I contemplate a concept here so go easy on me - I'm still a novice to all this.
I've just learned a hard way, but no biggie, that rclone fails if does not have full access to the folder in which config resides (naturally to the config file itself too).
I'm thinking of a Linux box where systemd's multiple services would mount a remote and do it as a "regular" user(systemd's config), mount separately for each one of multiple users.
"secrets" in the config file are my worry so I wonder is there a way to have it done so those secrets are not accessible by such "regular" user, even if not 100% of the time then 99.99% ideally.
Care to share any thoughts? I'll appreciate.
many thanks, L.
What is your rclone version (output from rclone version)
Which OS you are using and how many bits (eg Windows 7, 64 bit)
Which cloud storage system are you using? (eg Google Drive)
The command you were trying to run (eg rclone copy /tmp remote:tmp)
It's hardly an effort to repeat what others have said many times already - rclone is really very neat - but if there is field it could improve then it'd be 'multi-user' environments(I naturally thinks of Linux "servers").
Some kind of enhancement where a deamon/service would do the work (mainly mounts I have in mind) on user(s) behalves so then users could be kept away from sensitive secrets, etc.

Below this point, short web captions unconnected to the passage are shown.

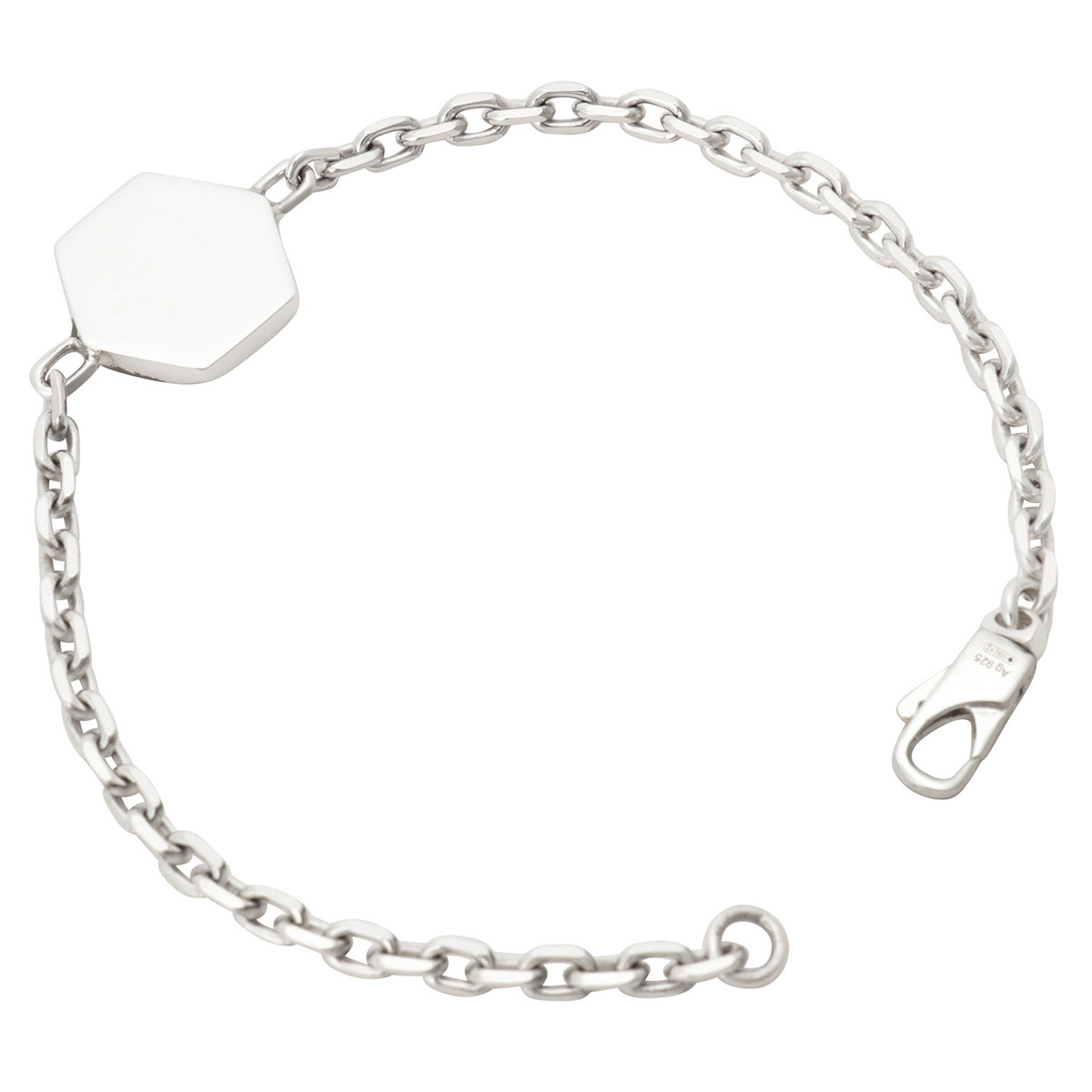 グッチ GUCCI トレードマーク エングレービング ブレスレット シルバー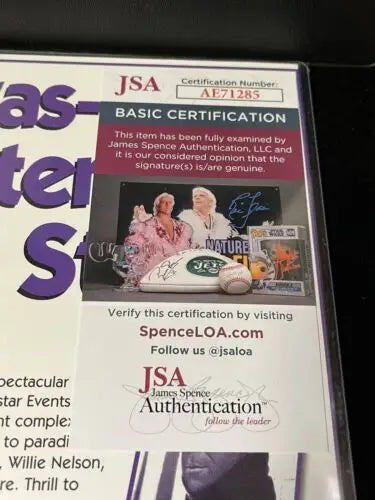 JSA authentication certificate for Billy Wagner signed auto Houston Astros magazine cover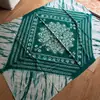 Mantel tradicional teñido con nudos de Zhoucheng, Dali, Yunnan, Mantel para mesa de café, Tela para colgar en la pared teñida con nudos hecha a mano, Tela decorativa para el hogar étnica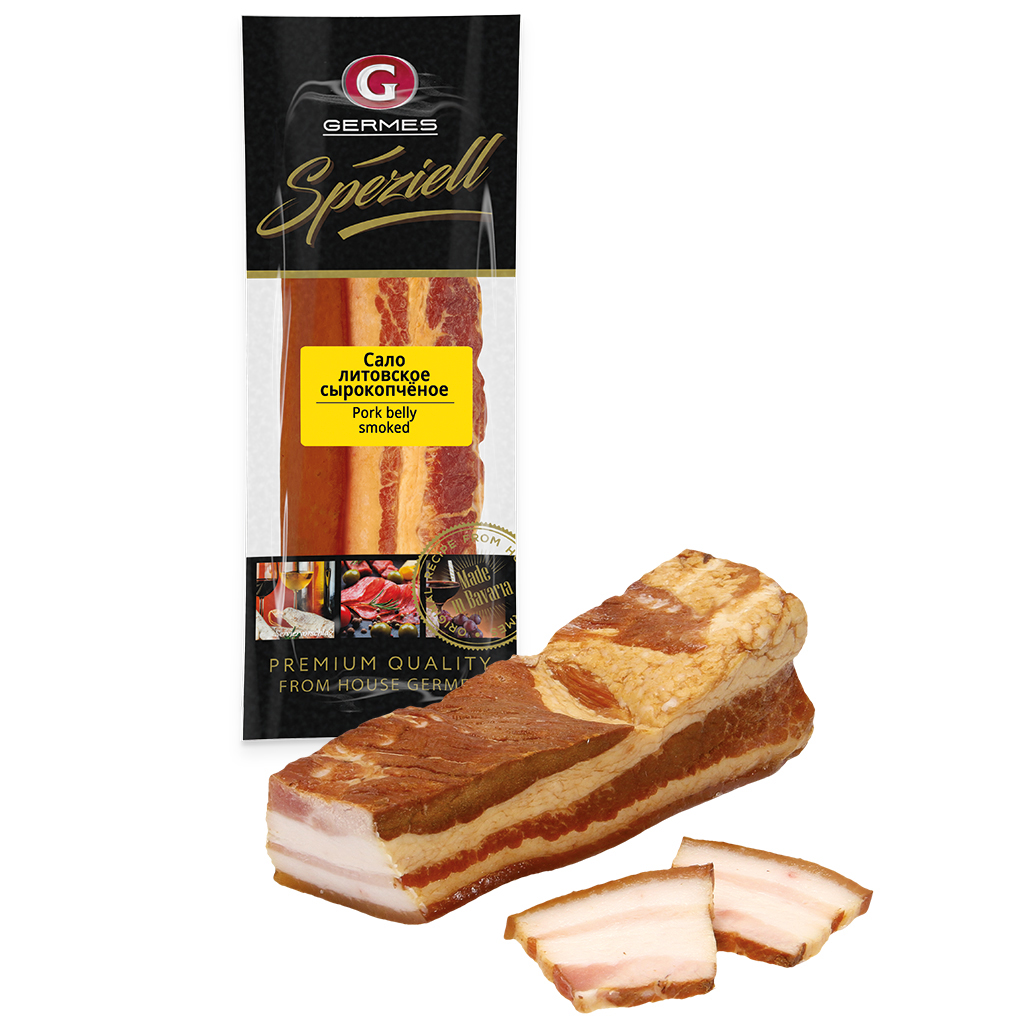 Varkensspek "Litovskoe" koudgerookt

If I was to dare to submit such idea for devel/authors consideration - where do I do that?
ps. I was hoping that when a "mount" has been established then config file could be hidden way from user(s). Would that work?
rclone uses fuse which is user based so that either you mount for a user or if you have root access, you can mount for everyone and use UID/GID to secure it.
Really? How would you do that?
From what I see (I've only started looking) once a mount has been done then all the content in it gets the UID of the mounter user.
What do I miss?
Thus that example you shared does not "fix" the problem nor it does what the quote says. Others can use the mount yes but there is no UID/GUI separation/preservation, all belongs that to 'netdata'
I have a simple setup where I get that separation, naturally via separate mounts (via systemd) for given users but I have no remedy to my original worry - hide sensitive credential away from users -> not possible if 'rclone' process(es) needs constant full access to rclone config file.
Sorry as I'm not following as you can set UID/GID and a few more flags to setup any permissions that you want and it acts like normal Linux depending on what you are trying to achieve.
Another example if you wanted to lock down '/test" to just the user netdata as I left it open to read.
Rclone requires access to the rclone.conf and if the user is launching the process, they can see the file/read it and see the contents of the file and grab them that way similar to anything else in the rclone.conf
We have a ticket https://github.com/rclone/rclone/issues/3655 requesting a separate file for mutable state aka tokens. If someone (maybe you?) implemented it, one could put that in a place with tough permissions.
You can completely hide non-mutable secrets right now. Here is an example for systemd
I didn't run the command as root as I can see it as the user "felix" as that's what is shown in my output.
I think the OP was asking about hiding from the user and my point was the user running the process can see their environment variables, which means the root owned file doesn't matter.
I think we're crossing the streams as they say as we're both correct but answering different questions.
If you run rclone as root, you can secure rclone.conf as root and the user would never see it. I gave an answer for that, which is the same for environment variables running as a process.
If you run rclone as a user, the user can see their environment variables, which is what I thought you were suggesting to the OP, which does not meet the requirement.